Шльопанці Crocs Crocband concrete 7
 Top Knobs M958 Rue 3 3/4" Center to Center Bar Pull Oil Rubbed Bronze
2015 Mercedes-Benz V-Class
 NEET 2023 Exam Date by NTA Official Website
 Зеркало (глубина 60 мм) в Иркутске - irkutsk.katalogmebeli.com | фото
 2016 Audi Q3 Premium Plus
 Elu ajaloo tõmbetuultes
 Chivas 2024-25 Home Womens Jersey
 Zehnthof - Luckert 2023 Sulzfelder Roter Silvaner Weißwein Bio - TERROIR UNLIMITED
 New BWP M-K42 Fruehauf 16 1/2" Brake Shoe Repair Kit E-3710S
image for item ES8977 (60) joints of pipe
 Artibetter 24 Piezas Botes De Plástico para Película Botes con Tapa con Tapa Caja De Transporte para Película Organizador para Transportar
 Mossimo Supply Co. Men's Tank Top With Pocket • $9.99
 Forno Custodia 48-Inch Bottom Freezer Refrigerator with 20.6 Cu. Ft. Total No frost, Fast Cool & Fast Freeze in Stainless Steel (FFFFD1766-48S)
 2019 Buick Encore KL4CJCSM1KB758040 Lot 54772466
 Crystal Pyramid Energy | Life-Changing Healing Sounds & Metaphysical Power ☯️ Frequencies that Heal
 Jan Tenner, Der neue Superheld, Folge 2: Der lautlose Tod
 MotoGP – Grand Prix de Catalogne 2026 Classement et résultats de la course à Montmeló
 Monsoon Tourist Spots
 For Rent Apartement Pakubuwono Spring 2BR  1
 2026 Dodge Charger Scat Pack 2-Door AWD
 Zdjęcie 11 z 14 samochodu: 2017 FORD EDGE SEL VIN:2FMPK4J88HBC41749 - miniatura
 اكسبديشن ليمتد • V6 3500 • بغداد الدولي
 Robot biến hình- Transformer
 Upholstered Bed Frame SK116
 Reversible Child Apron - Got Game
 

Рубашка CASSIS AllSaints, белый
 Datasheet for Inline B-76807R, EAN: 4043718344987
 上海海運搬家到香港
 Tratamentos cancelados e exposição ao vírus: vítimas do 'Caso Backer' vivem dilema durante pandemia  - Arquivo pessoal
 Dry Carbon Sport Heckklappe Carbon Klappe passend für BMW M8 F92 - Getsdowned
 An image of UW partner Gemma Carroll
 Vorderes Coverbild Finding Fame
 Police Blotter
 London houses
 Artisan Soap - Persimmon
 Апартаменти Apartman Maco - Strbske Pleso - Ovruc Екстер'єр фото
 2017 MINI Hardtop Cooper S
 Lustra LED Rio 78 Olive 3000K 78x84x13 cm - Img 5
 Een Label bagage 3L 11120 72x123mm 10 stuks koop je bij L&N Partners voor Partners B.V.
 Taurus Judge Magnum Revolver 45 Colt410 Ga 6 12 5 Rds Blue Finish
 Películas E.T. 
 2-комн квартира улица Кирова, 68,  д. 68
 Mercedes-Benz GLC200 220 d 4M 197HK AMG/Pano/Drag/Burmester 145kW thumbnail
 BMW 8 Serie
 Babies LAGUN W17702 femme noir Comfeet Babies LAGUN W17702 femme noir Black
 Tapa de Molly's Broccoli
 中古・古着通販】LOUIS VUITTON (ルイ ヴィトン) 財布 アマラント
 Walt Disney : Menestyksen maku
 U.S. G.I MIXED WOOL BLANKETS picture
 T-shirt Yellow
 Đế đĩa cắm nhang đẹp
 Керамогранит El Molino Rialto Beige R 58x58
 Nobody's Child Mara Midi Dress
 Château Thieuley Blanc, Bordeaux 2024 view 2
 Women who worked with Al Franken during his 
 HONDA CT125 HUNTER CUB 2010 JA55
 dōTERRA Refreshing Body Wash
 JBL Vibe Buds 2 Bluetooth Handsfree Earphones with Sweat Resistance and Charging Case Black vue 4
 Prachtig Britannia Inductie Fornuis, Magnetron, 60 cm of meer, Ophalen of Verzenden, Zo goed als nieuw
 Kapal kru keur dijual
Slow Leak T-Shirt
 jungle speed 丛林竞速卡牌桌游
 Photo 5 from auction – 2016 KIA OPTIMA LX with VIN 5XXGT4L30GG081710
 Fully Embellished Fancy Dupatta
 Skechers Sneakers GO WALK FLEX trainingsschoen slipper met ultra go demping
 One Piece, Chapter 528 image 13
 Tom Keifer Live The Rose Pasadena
+===+
» WORK REQUEST: What you write must be the entries restated word for word, from the opening line through the one holding "image for item ES8977 (60) joints of pipe", with nothing else.

» TASK RESULT:
Шльопанці Crocs Crocband concrete 7
 Top Knobs M958 Rue 3 3/4" Center to Center Bar Pull Oil Rubbed Bronze
2015 Mercedes-Benz V-Class
 NEET 2023 Exam Date by NTA Official Website
 Зеркало (глубина 60 мм) в Иркутске - irkutsk.katalogmebeli.com | фото
 2016 Audi Q3 Premium Plus
 Elu ajaloo tõmbetuultes
 Chivas 2024-25 Home Womens Jersey
 Zehnthof - Luckert 2023 Sulzfelder Roter Silvaner Weißwein Bio - TERROIR UNLIMITED
 New BWP M-K42 Fruehauf 16 1/2" Brake Shoe Repair Kit E-3710S
image for item ES8977 (60) joints of pipe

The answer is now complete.